しかし、この構成には以下の課題がありました。

  1. フロントエンドの実装が一つのリポジトリにまとまっておらず、各プロジェクトのリポジトリに分かれている
  2. デプロイのために、開発者の手元でビルドした成果物をGitHubで管理する必要がある

1の課題に関して、現状では一つの実装済みのコードはコピーペーストして各プロジェクト間で共有していますが、稀に別リポジトリで実装されていることを知らず再実装されることなどがあり、余計な工数がかかったり、各プロジェクト共通のコンポーネントに若干の実装のズレが発生したりしていました。

また、2の課題では、Pull Requestを出すたびに別のPull Requestのバンドルファイルとコンフリクトが発生したり、開発者の手元のコードのバージョンが古いことに気づかないまま、ビルドしてしまいバグなどが先祖返りしてしまう可能性がありました。

上記の課題を解決するために、この度リポジトリの分割とReactコードの新たなデプロイフローの構築を行いました。

現状の(より望ましい)構成

新しい構成では、新たなリポジトリ(PRTIMES/prtimes-frontend )を作成し、フロントエンドの実装を集約しています。
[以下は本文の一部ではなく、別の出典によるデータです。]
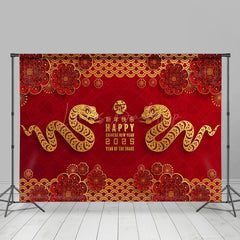 Lofaris Prosperous Snake Year 2025 Chinese New Celebration Backdrop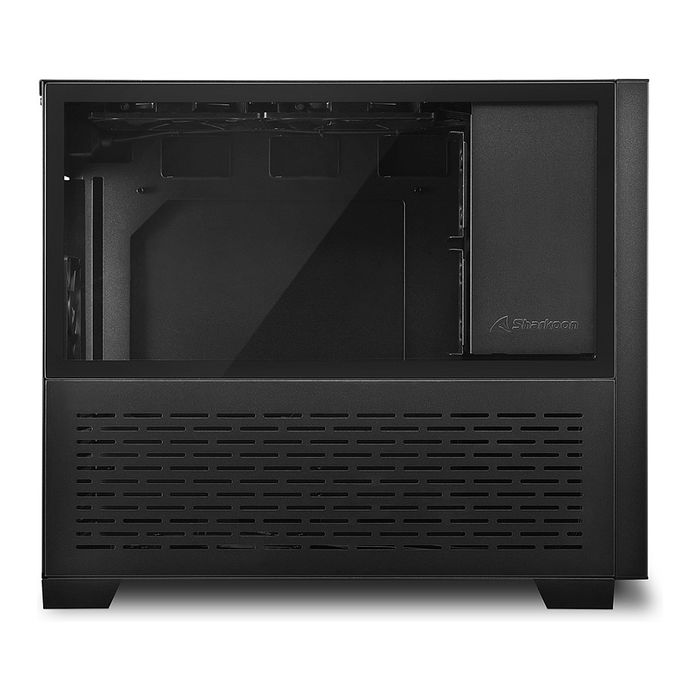 Sharkoon MS-Y1000 Torre Gaming ATX mATX ITX con Panel Lateral de Cristal Templado Negro - Caja PC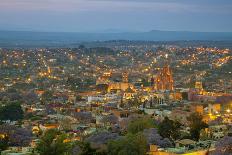Aerial View of San Miguel De Allende in Mexico after Sunset-Borna-Photographic Print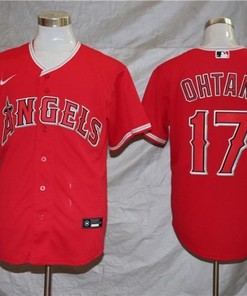 Los Angeles Angels Shohei Ohtani #17 2020 Mlb Red Jersey - Robokeg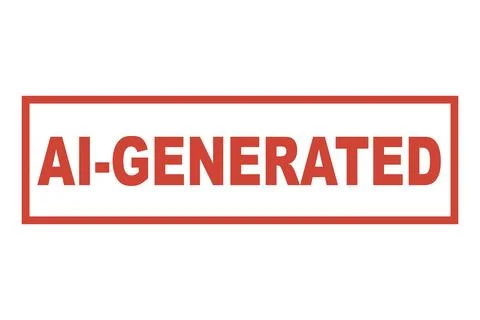AI Generated stamp sign Stock Illustration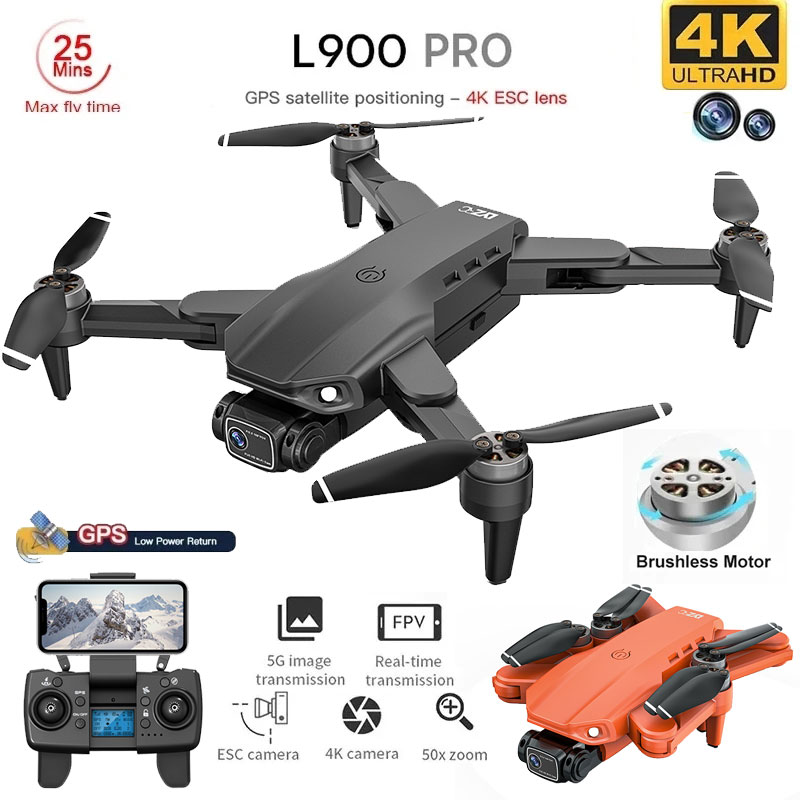 L900 Pro GPS 드론 4K 전문 HD 듀얼 카메 - Photography Drone 리뷰 및 가격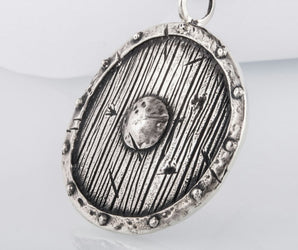 Old Viking Shield Sterling Silver Pendant
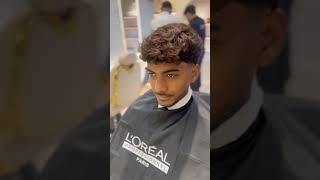 Taper fade haircut #howtocutcurlyhair #barber #elevateyourlifestyle #hairstyle #fadehaircut #####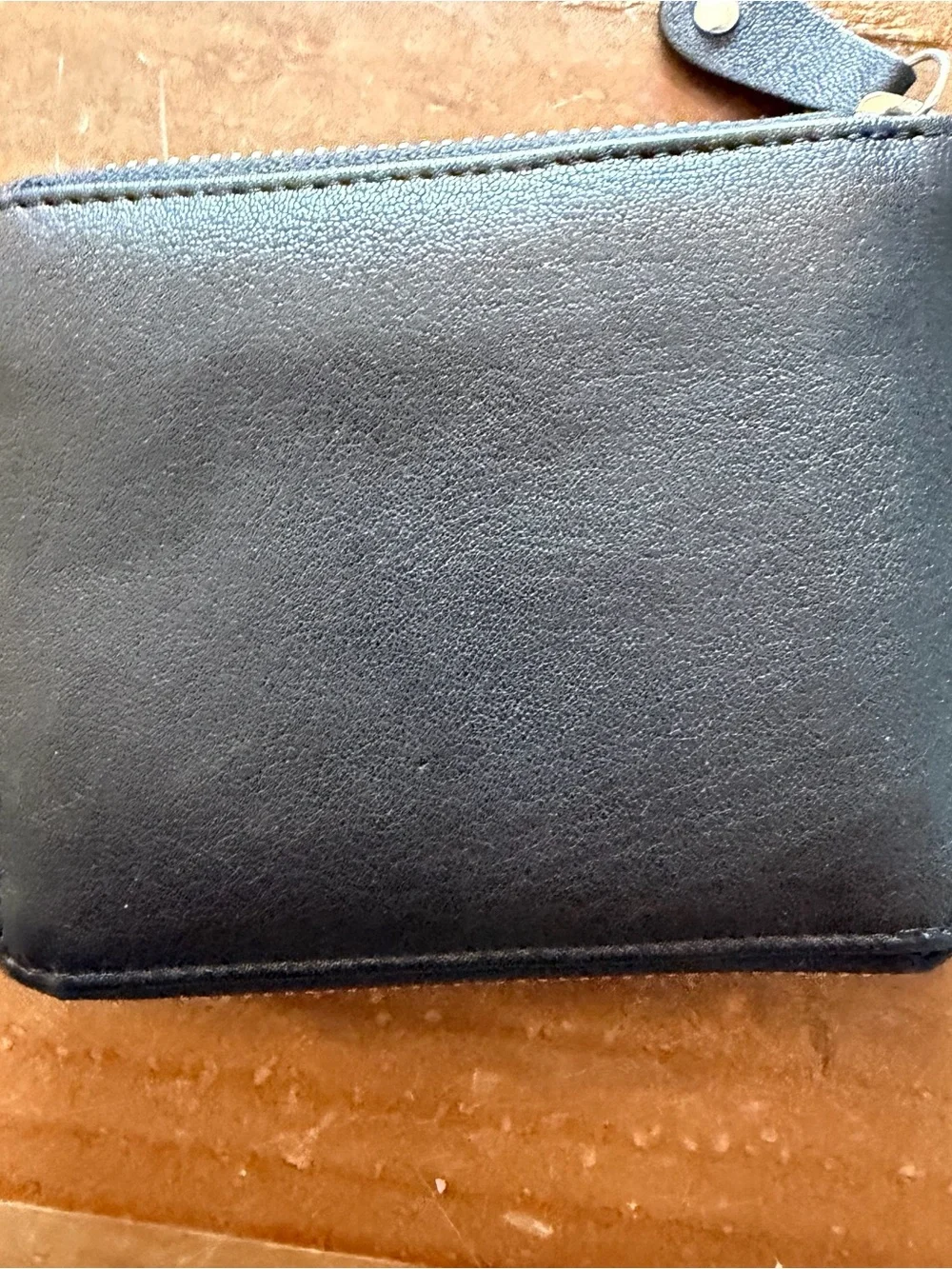 Champs Black RFID Zip Card Wallet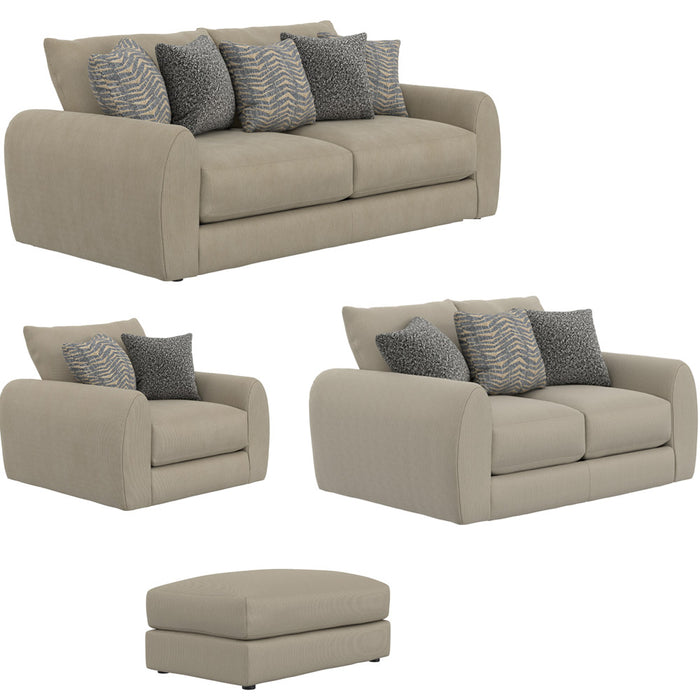 Jackson Furniture - Ezra 4 Piece Living Room Set in Twine - 210603-02-01-10-TWINE - GreatFurnitureDeal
ディレクトリ構成は以下の通りです。

.
├── .githooks
├── .github
├── apps
│   └── prtimes
│       ├── package.json
│       ├── src/
│       ├── tsconfig.json
│       ├── webpack.common.js
│       ├── webpack.dev.js
│       ├── webpack.prod.js
│       └── yarn.lock
├── .eslintrc.json
├── .prettierrc.json
├── Makefile
├── package.json
├── README.md
└── yarn.lock

このディレクトリ構成はモノレポを意識した構成になっており、プロジェクト共通のコンポーネントや関数、また ESLint/Prettier や Git Hooks なども共有できるようにしています。また、フロントエンドの実装を集約したことで、古いリポジトリに存在していたreplaceフォルダを削除できました。

新しいデプロイフロー

新しいデプロイフローではGitHub Actions上で PRTIMES/prtimes-frontend のビルドとS3へのデプロイをするようにしました。当たり前ですが、こうすることでGitHubに成果物をコミットすることなく、常に最新のコードをビルドしデプロイできるようになります。

また、旧デプロイフローではオンプレミスのサーバーにデプロイしCloudFrontを通してビルドした成果物を配信していましたが、新しいデプロイフローではS3にデプロイしFastlyを通して配信するようにインフラ構成も変更しました。

新しいデプロイフロー

まとめ

フロントエンド開発基盤の構築はまだまだ始まったばかりで、今後「各プロジェクトのReactコードの移行」、「yarn workspaceなどのモノレポツールの導入」、「Reactのビルドツールをwebpackからesbuildに乗り換える」、「Storybookの導入」などなど、様々なことをしようと思っています。また、運用も始まったばかりでこれから別の課題が次々と上がってくると思うので引き続き改善を行なっていきたいと思います。